Google is the dominant online force, and one of the biggest tech companies ever created. Its name has become synonymous with search, and its reach has extended to real-life navigation, interpersonal interaction, mobile functionality, and dozens of other functions. But even so, Google is not wholly independent; in addition to developing its own technologies, Google has historically been open to partnering with others to achieve the best possible result for online user experience.
A recent explosion in app integrations for Google Now is of particular interest. In the short-term, this new functionality is convenient and useful for consumers, but it also suggests an interesting long-term vision for Google’s future.
Those unfamiliar with Android devices or Google Chrome may not be aware that Google Now is a type of personal digital assistant, analogous to Apple’s Siri. Accessible within Chrome or Google Search, Google Now exists to help users find information and functionality they want based on contextual clues; in some ways, it’s a mini search engine with independent functionality designed to give a user a single answer rather than a list of options to explore.
Back in January, search marketers were particularly interested in Google Now after a significant boost in functionality; Google announced an integration with 40 different third-party apps. For example, the integrated Pandora app allowed users to access music within Google Now’s broader context, and similarly, users could request rides within Google Now by using the integrated Lyft app.

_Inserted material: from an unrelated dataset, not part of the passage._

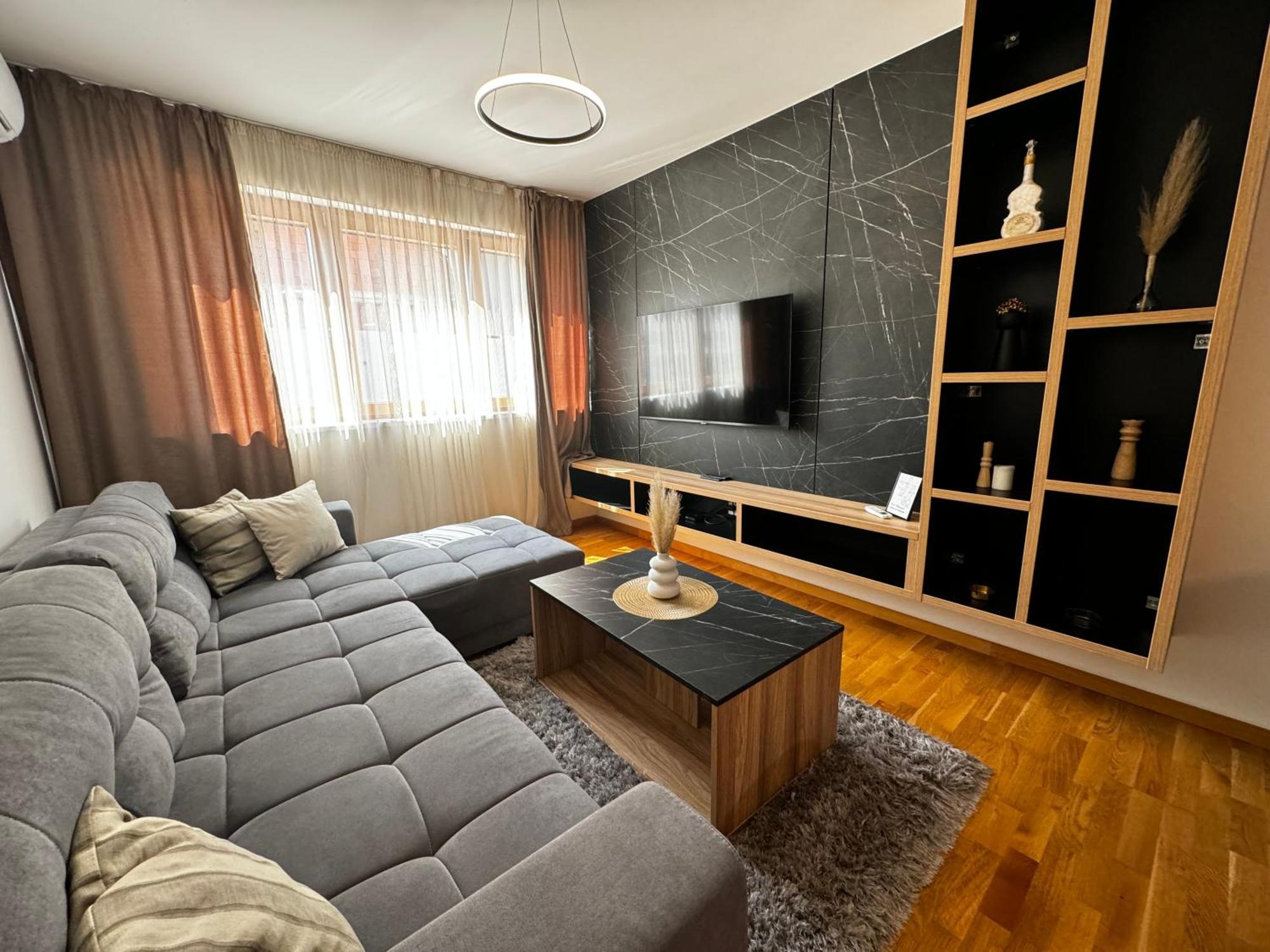 Mar Residence 14 Ni Esterno foto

At the end of April, Google made a similar, even bigger announcement: it was adding 70 new apps to its third-party functions. Because each of these apps presents information in a similar, card-like form, the user experience is consistent despite moving from application to application.
The list of apps available on Google Now is pretty impressive, and it just keeps growing. In fact, Google is more than just open to using other apps—it’s actively encouraging developers to integrate. For example, it makes its integration documentation available to developers so they can easily adjust their apps and submit them for integration.
This isn’t the first time that Google has been open to integrating with other services, though with Google Now, the search giant appears to be taking a different approach. For example, last year, Google Maps integrated functions with Uber and with OpenTable to allow users to estimate ride fare and place restaurant reservations, respectively. So why is Google trying so hard to partner with outside forces?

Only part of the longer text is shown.